# Input data

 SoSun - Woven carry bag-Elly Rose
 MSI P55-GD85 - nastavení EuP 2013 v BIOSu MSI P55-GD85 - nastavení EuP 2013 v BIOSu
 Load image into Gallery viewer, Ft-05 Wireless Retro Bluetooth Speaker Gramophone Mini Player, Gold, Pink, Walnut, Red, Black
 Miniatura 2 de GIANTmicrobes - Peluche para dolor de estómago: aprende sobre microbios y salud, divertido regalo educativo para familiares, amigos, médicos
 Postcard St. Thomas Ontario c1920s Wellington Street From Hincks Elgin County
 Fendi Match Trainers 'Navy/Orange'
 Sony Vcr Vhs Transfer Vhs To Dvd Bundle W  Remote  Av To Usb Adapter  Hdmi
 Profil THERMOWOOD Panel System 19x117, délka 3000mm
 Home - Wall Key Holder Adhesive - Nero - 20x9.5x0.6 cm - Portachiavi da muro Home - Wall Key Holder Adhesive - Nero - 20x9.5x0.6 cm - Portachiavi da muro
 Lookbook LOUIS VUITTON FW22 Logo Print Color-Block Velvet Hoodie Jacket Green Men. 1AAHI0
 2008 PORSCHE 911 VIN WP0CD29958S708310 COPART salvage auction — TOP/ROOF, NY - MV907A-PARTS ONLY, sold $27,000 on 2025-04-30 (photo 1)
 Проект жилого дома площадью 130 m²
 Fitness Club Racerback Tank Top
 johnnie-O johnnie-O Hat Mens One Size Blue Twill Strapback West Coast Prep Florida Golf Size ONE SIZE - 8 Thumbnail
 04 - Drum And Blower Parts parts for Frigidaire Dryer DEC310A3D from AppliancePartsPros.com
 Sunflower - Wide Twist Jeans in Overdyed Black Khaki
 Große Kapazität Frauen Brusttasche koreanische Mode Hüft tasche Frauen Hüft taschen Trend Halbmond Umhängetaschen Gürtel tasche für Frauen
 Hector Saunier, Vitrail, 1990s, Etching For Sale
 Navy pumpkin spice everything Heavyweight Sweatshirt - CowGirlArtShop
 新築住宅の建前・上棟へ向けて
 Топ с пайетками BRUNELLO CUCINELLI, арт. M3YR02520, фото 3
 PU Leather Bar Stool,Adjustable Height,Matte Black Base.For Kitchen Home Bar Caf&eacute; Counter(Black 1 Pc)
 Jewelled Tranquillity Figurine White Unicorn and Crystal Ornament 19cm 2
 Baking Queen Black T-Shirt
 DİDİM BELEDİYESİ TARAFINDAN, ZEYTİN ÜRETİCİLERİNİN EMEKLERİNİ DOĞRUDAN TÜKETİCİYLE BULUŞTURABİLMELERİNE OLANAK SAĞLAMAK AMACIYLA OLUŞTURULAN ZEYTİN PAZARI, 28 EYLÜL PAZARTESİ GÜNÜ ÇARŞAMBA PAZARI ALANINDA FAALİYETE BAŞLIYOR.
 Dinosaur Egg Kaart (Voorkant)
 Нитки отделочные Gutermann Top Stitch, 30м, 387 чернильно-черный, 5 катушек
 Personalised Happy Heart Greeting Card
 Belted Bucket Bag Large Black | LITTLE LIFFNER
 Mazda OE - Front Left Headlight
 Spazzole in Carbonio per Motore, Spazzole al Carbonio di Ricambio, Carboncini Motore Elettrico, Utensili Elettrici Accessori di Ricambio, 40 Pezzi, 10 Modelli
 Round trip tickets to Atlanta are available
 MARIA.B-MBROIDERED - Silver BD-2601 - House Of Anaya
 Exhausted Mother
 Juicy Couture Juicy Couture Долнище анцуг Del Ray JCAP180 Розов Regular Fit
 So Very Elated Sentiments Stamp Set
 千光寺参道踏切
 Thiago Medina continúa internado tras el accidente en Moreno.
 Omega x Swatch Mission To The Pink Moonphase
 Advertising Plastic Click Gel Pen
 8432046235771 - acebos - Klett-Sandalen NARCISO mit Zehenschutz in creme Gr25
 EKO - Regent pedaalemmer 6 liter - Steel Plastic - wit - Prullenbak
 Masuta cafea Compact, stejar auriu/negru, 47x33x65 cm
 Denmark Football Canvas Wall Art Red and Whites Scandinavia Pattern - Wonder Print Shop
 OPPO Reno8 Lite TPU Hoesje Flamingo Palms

# Exercise instructions
Reproduce every line of the data exactly as it was written.

# Result for this task
 SoSun - Woven carry bag-Elly Rose
 MSI P55-GD85 - nastavení EuP 2013 v BIOSu MSI P55-GD85 - nastavení EuP 2013 v BIOSu
 Load image into Gallery viewer, Ft-05 Wireless Retro Bluetooth Speaker Gramophone Mini Player, Gold, Pink, Walnut, Red, Black
 Miniatura 2 de GIANTmicrobes - Peluche para dolor de estómago: aprende sobre microbios y salud, divertido regalo educativo para familiares, amigos, médicos
 Postcard St. Thomas Ontario c1920s Wellington Street From Hincks Elgin County
 Fendi Match Trainers 'Navy/Orange'
 Sony Vcr Vhs Transfer Vhs To Dvd Bundle W  Remote  Av To Usb Adapter  Hdmi
 Profil THERMOWOOD Panel System 19x117, délka 3000mm
 Home - Wall Key Holder Adhesive - Nero - 20x9.5x0.6 cm - Portachiavi da muro Home - Wall Key Holder Adhesive - Nero - 20x9.5x0.6 cm - Portachiavi da muro
 Lookbook LOUIS VUITTON FW22 Logo Print Color-Block Velvet Hoodie Jacket Green Men. 1AAHI0
 2008 PORSCHE 911 VIN WP0CD29958S708310 COPART salvage auction — TOP/ROOF, NY - MV907A-PARTS ONLY, sold $27,000 on 2025-04-30 (photo 1)
 Проект жилого дома площадью 130 m²
 Fitness Club Racerback Tank Top
 johnnie-O johnnie-O Hat Mens One Size Blue Twill Strapback West Coast Prep Florida Golf Size ONE SIZE - 8 Thumbnail
 04 - Drum And Blower Parts parts for Frigidaire Dryer DEC310A3D from AppliancePartsPros.com
 Sunflower - Wide Twist Jeans in Overdyed Black Khaki
 Große Kapazität Frauen Brusttasche koreanische Mode Hüft tasche Frauen Hüft taschen Trend Halbmond Umhängetaschen Gürtel tasche für Frauen
 Hector Saunier, Vitrail, 1990s, Etching For Sale
 Navy pumpkin spice everything Heavyweight Sweatshirt - CowGirlArtShop
 新築住宅の建前・上棟へ向けて
 Топ с пайетками BRUNELLO CUCINELLI, арт. M3YR02520, фото 3
 PU Leather Bar Stool,Adjustable Height,Matte Black Base.For Kitchen Home Bar Caf&eacute; Counter(Black 1 Pc)
 Jewelled Tranquillity Figurine White Unicorn and Crystal Ornament 19cm 2
 Baking Queen Black T-Shirt
 DİDİM BELEDİYESİ TARAFINDAN, ZEYTİN ÜRETİCİLERİNİN EMEKLERİNİ DOĞRUDAN TÜKETİCİYLE BULUŞTURABİLMELERİNE OLANAK SAĞLAMAK AMACIYLA OLUŞTURULAN ZEYTİN PAZARI, 28 EYLÜL PAZARTESİ GÜNÜ ÇARŞAMBA PAZARI ALANINDA FAALİYETE BAŞLIYOR.
 Dinosaur Egg Kaart (Voorkant)
 Нитки отделочные Gutermann Top Stitch, 30м, 387 чернильно-черный, 5 катушек
 Personalised Happy Heart Greeting Card
 Belted Bucket Bag Large Black | LITTLE LIFFNER
 Mazda OE - Front Left Headlight
 Spazzole in Carbonio per Motore, Spazzole al Carbonio di Ricambio, Carboncini Motore Elettrico, Utensili Elettrici Accessori di Ricambio, 40 Pezzi, 10 Modelli
 Round trip tickets to Atlanta are available
 MARIA.B-MBROIDERED - Silver BD-2601 - House Of Anaya
 Exhausted Mother
 Juicy Couture Juicy Couture Долнище анцуг Del Ray JCAP180 Розов Regular Fit
 So Very Elated Sentiments Stamp Set
 千光寺参道踏切
 Thiago Medina continúa internado tras el accidente en Moreno.
 Omega x Swatch Mission To The Pink Moonphase
 Advertising Plastic Click Gel Pen
 8432046235771 - acebos - Klett-Sandalen NARCISO mit Zehenschutz in creme Gr25
 EKO - Regent pedaalemmer 6 liter - Steel Plastic - wit - Prullenbak
 Masuta cafea Compact, stejar auriu/negru, 47x33x65 cm
 Denmark Football Canvas Wall Art Red and Whites Scandinavia Pattern - Wonder Print Shop
 OPPO Reno8 Lite TPU Hoesje Flamingo Palms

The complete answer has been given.